Archive's Sunday Comics - Now it's war



Stories with World War II settings were major drawcards in the British comics from the 1950s onward. When the Amalgamated Press, of the Fleetway House, London, issued its first strip-dominated boys' paper, Lion, as "The King of Picture Story Papers" in 1952, its cover strip was Captain Condor, a space pilot to rival Eagle's Dan Dare. But Lion also had a  war strip, about a pair of lone commandos, which was scripted by veteran boys' paper writer Edward R. Home-Gall. And just a few years later Captain Condor's prime cover spot had been taken over by Paddy Payne, a wartime fighter pilot.

Wartime airmen became popular fixtures in several British comics. D. C. Thomson, of Dundee, had Sergeant Matt Braddock, whose stories had begun in the text story paper The Rover in 1952, several years before the company finally launched into boys' adventure comics with The New Hotspur, The Victor (which took over Braddock), Warlord, and others.
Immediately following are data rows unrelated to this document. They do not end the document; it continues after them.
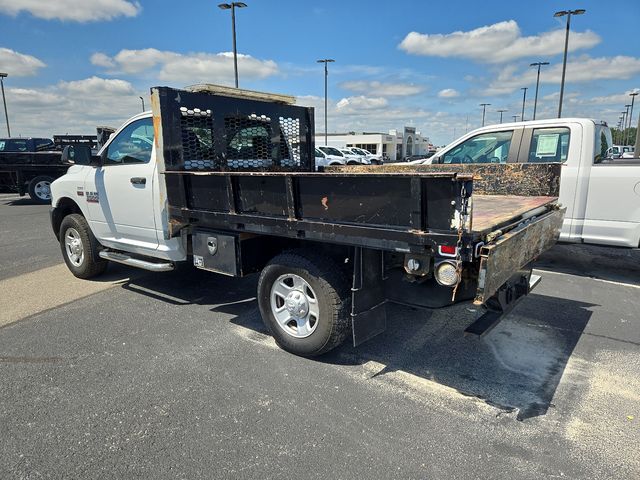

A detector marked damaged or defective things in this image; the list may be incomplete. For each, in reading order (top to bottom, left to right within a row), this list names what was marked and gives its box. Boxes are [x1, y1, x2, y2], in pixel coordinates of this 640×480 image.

rusty metal panel [330, 163, 560, 197]
rust stains on metal [330, 163, 560, 197]
rusty metal panel [476, 207, 564, 304] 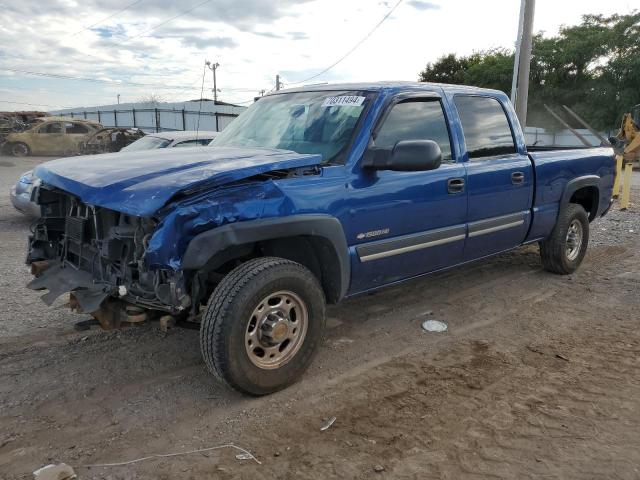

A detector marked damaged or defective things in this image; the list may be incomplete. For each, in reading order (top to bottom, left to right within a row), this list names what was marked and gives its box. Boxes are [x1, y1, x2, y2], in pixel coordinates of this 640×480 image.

crumpled front hood [34, 144, 322, 216]
damaged front end [26, 185, 190, 330] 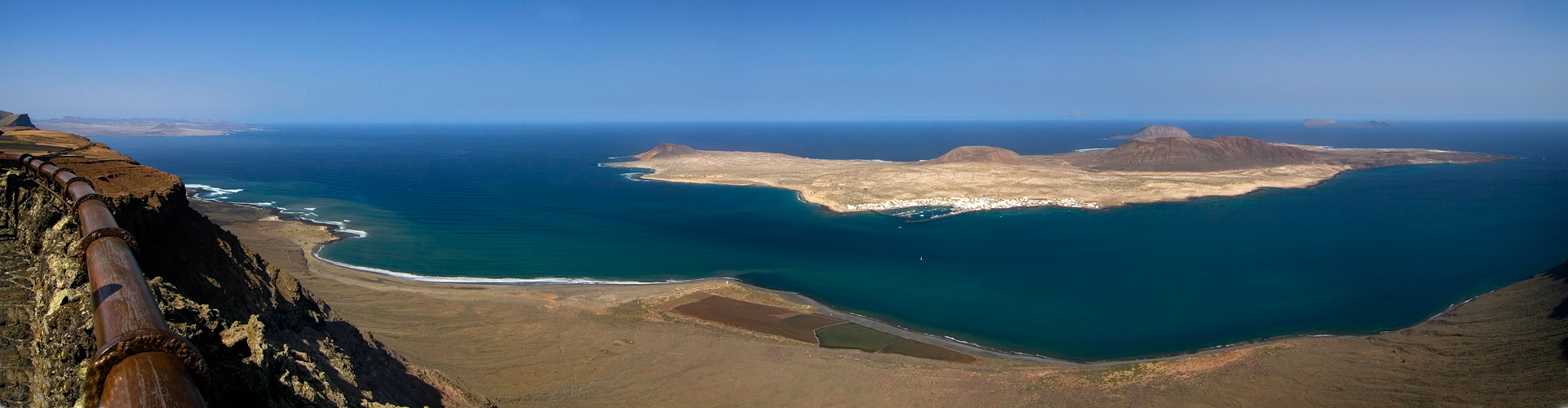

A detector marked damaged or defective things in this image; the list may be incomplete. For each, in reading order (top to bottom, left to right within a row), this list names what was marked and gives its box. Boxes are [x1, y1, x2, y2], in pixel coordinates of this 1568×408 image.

rusty metal railing [1, 152, 206, 408]
rusted pipe [0, 153, 208, 408] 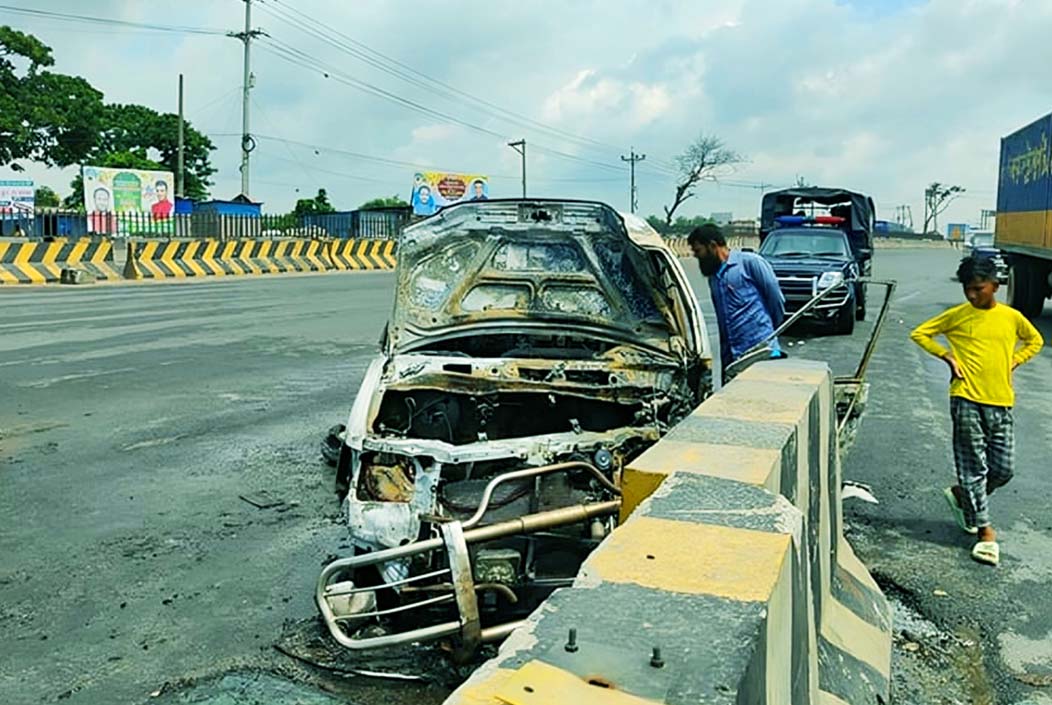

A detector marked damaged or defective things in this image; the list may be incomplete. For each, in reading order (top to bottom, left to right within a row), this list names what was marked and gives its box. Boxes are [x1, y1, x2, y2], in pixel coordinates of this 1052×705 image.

charred car body [315, 198, 711, 656]
burnt car wreck [315, 202, 711, 660]
burnt car roof [391, 199, 685, 355] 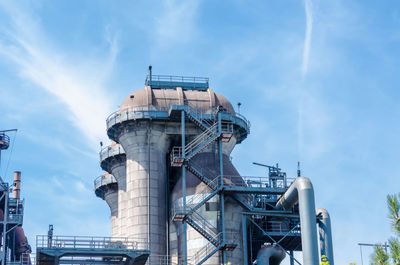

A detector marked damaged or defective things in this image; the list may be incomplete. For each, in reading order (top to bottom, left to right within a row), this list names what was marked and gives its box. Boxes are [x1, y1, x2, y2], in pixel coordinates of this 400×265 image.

Back at Fleetway House, Battler Britton made his entrance in The Sun in 1956 and went on a couple of years later to become a regular attraction in the monthly 64-page Thriller Picture Library pocket books alongside Robin Hood, Dick Daring of the Mounties, and Spy 13. The Thriller comic-books were identical in format to War Picture Library, which was originated by the Amalgamated  Press in September 1958 and gave rise to many companion series like Battle Picture Library and Air Ace Picture Library.
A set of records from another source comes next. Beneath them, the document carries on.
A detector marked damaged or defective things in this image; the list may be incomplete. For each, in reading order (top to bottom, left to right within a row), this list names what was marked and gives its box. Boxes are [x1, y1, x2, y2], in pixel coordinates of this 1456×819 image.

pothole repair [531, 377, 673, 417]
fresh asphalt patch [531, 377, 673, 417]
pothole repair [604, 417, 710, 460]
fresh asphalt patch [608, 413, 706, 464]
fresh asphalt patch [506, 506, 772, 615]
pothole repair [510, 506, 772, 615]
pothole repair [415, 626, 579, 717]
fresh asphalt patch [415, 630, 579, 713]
A David-size rival to the Goliath Fleetway libraries was quick to emerge in March 1959 in the form of G. M. Smith/Micron's  Combat Picture Library. And in 1961 D. C. Thomson commenced its almost identical Commando comics, which is the only line of the war-action breed still being published today.

Over at Long Acre, Odhams pitched in with another airman with an alliterative name, Raff Regan, which sounded very similar to Rockfist Rogan a boxer/RAF pilot whose career had been started before the war, in 1938, by writer Frank S. Pepper in The Champion, an AP text story paper. Pepper used the pen-name Hal Wilton when creating his daddy of the alliteratively named pilots, but his comics work continued to appear under his own name, other names, or anonymously (as was the fashion) for years after the war. He wrote the Captain Condor scripts for Lion and was the first writer of Roy of the Rovers for Tiger in 1954. The footballer was closely based on Pepper's earlier text story series Danny of the Dazzlers for The Champion.  

Raff Regan starred, serial style, in the Odhams  Boys' World comic of 1963-64. Keith Chapman (today known as western novelist Chap O'Keefe) remembers writing two scripts, each complete in four pages, for the later Boys' World annuals: Raff Regan and the Glory Hunter and Raff Regan and the Spit that Flew Itself.

Keith says, "Scripting war stories never appealed to me quite as much as boys' stories in other genres. But war dominated the market at the time and like most of the writers I needed the cheques. I wrote several scripts for Combat Picture Library in 1962 and became its editor, though I was also simultaneously! editor until July 1964 of Micron's Western Adventure Library, Cowboy Adventure Library, Paul Temple Library and the Edgar Wallace Mystery Magazine ... all within a few years of leaving school in 1961. They were busy days but ones I enjoyed."